What’s Embarrassing

Thursday, January 14, 2021

You know what’s embarrassing? I do. I recently saw a picture of a co-worker a few years ago, when she was, in her words, enormous. Now, she looks healthy and young and happy and to see her now, you’d never know she used to be even slightly overweight. Her response? “That’s so embarrassing…”

I left the room and thought about it, then replied via text:

Convo.jpg

It hit me hard. Not only is she now the embodiment of how I want to be, but it just underscored my repeated failures on this front. I’ve done fairly well in the past, dropping 80 pounds at one point, but an injury led to bedrest, which led to the pounds coming back and bringing friends.

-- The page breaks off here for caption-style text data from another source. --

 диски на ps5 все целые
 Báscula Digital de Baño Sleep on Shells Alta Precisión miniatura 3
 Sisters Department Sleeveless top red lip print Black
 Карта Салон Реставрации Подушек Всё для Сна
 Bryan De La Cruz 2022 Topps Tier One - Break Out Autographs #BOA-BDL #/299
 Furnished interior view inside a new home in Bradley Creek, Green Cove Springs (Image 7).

I am the heaviest I’ve ever been. I have long ago surpassed the younger me’s “if I ever get over 300 pounds, just drag me out back and shoot me.” No one has obliged, much to my chagrin.

See, here’s the thing. I know how to lose weight. I know what matters and what doesn’t, I know the actions I need to take, I know the pitfalls and the triggers and the threats. I know what foods I need to eat or not eat and in what quantities, I know that I can’t start off and run a marathon tomorrow; it starts with baby steps. But man, oh, man, is that not enough.

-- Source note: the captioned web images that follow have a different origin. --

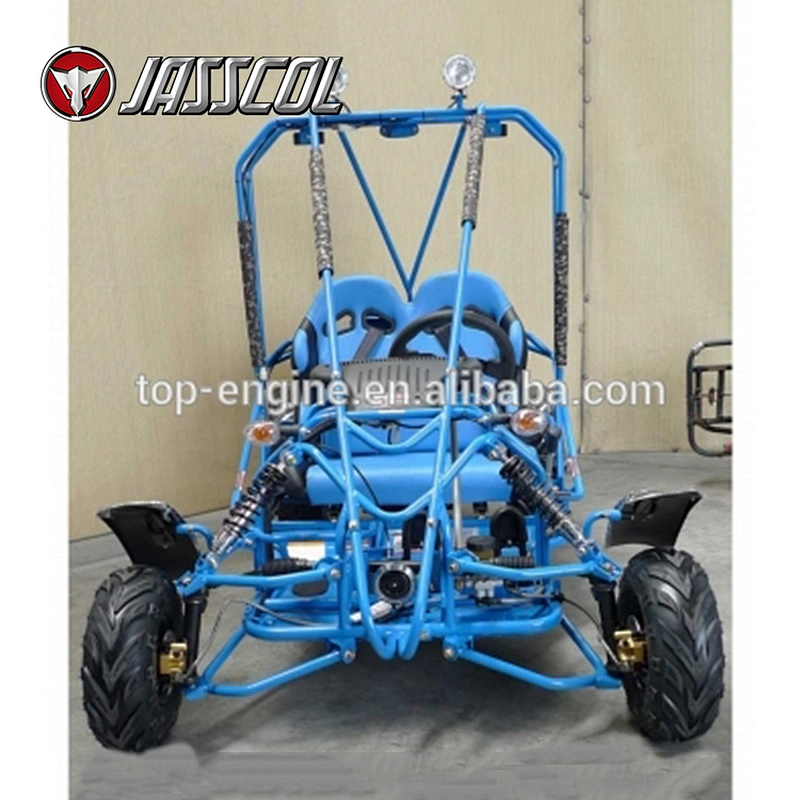 China wholesale cool boy 2 seat electric start 110CC mini cheap gas go karts for kids
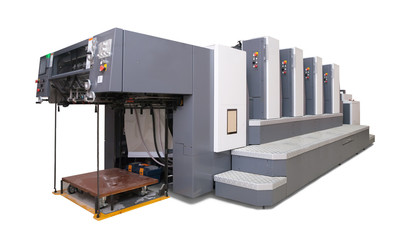 four-section offset printed machine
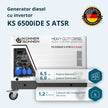 Generator invertor diesel în carcasă insonorizată KS 6500iDE S ATSR thumbnail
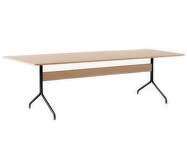 Pavilion Dining Table AV24, clear oak / black base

It’s not enough to know that, as my co-worker said up there, having some fresh veggies in the afternoon will help with hunger through the night. It’s not enough to know that a serving size is usually way less than half of what we think it is. It’s not enough… which makes me feel like I’m not enough. Ever.

And maybe that’s the crux of the problem. It’s got to be mental, right? I’ve got to be mental? Why else would I do so well in the mornings only to sabotage myself every night?

I just keep thinking it has to be easier than this. I am constantly going and doing and have a basically non-stop schedule, but once again, it’s not enough. I barely have time to make food, much less make “special” food or something different for myself than for my husband than for my kids. I’m a picky eater, but don’t let him fool you—he is, too. He slips in and out of being “good” just as much as me, and often drags me with him one way or the other. I’m just too tired all the time to care to argue or change or do any differently. I’m here. Some days, that’s it. I am so heartsick and soul tired that it’s hard to make anything else feel like it matters. And the part that I KNOW says that if I just got a little healthier, I’d sleep better. If I slept better, my day would improve. If my day would improve, I would not dread it so much. If I wouldn’t dread it so much, I wouldn’t be so heartsick and soul tired.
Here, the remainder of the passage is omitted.